Floating Point Values

There are eight conversion specifiers for floating-point values: eEfFgGaA. But we'll hardly ever need anything except for '%f' and '%g'. The uppercase version uses an uppercase E, while the the lowercase version uses a lowercase e for exponential components.

Usually %g is the go-to conversion specifier for floating-point values. The difference to %f is best illustrated with this sample:

double v[5] = {12345, 12, 0.12, 0.12345678901234, 0.0000012345678901234};
NSString *s = [NSString stringWithFormat:@"%g %g %g %g %g", v[0], v[1], v[2], v[3], v[4]];
// "12345 12 0.12 0.123457 1.23457e-06"
NSString *s = [NSString stringWithFormat:@"%f %f %f %f %f", v[0], v[1], v[2], v[3], v[4]];
// "12345.000000 12.000000 0.120000 0.123457 0.000001"
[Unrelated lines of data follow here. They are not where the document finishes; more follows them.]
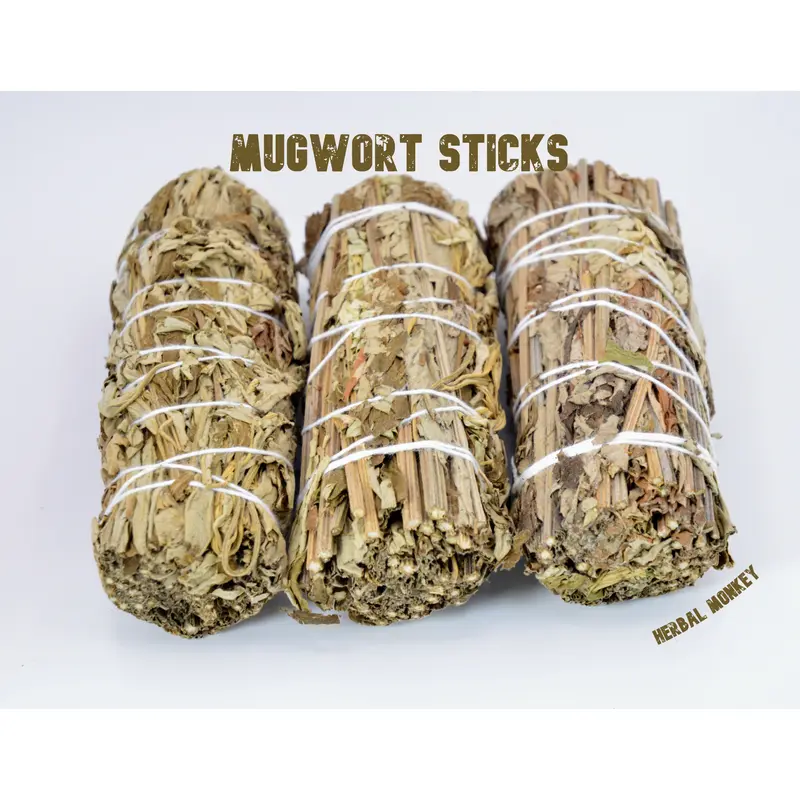 Mugwort Smudge Sticks | Infused with loving energy within a Crystal Grid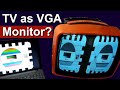 Retro TV as VGA Monitor?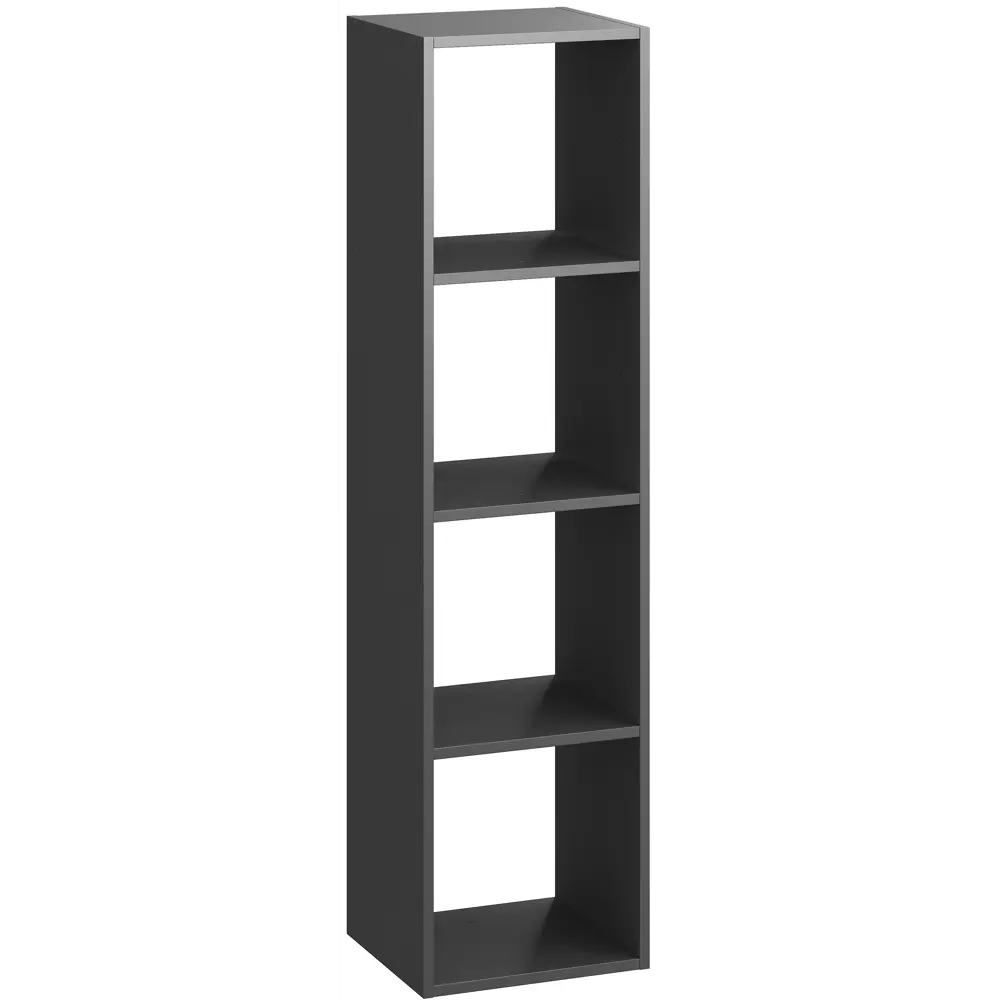 Стеллаж SPACEO KUB 4К, 36х139х31,7 см, цвет графит STLM-2063131 - Вид №1
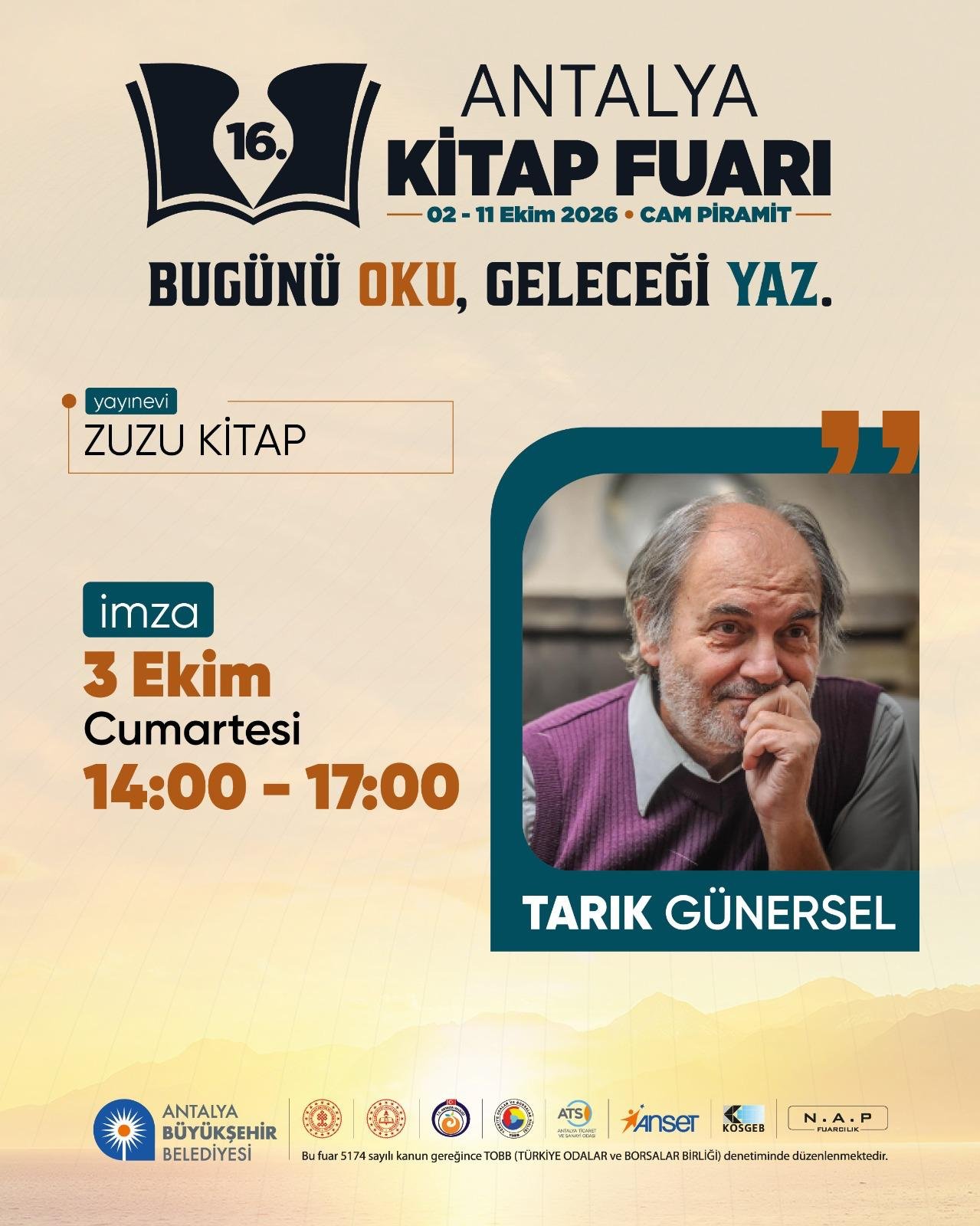 16. Antalya Kitap Fuarı afiş 1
Like with integer values, we can specify a minimum field width and a minimum number of digits.

Specifying Positions

The format string allows the parameters to be consumed in another order:

[NSString stringWithFormat:@"%2$@ %1$@", @"1st", @"2nd"];
// "2nd 1st"

We simply have to put the 1-based index of the parameter and a $ sign after the %. This is mostly relevant for localized strings, because the order in which certain parts occur in the string might be different for other languages.

NSLog()

The NSLog() function works the same way as +stringWithFormat:. When we call:

int magic = 42;
NSLog(@"The answer is %d", magic);

the code will construct the string in the same way as:

int magic = 42;
NSString *output = [NSString stringWithFormat:@"The answer is %d", magic];

Obviously NSLog() will then also output the string. And it prefixes it with a timestamp, process name, process identifier, and thread identifier.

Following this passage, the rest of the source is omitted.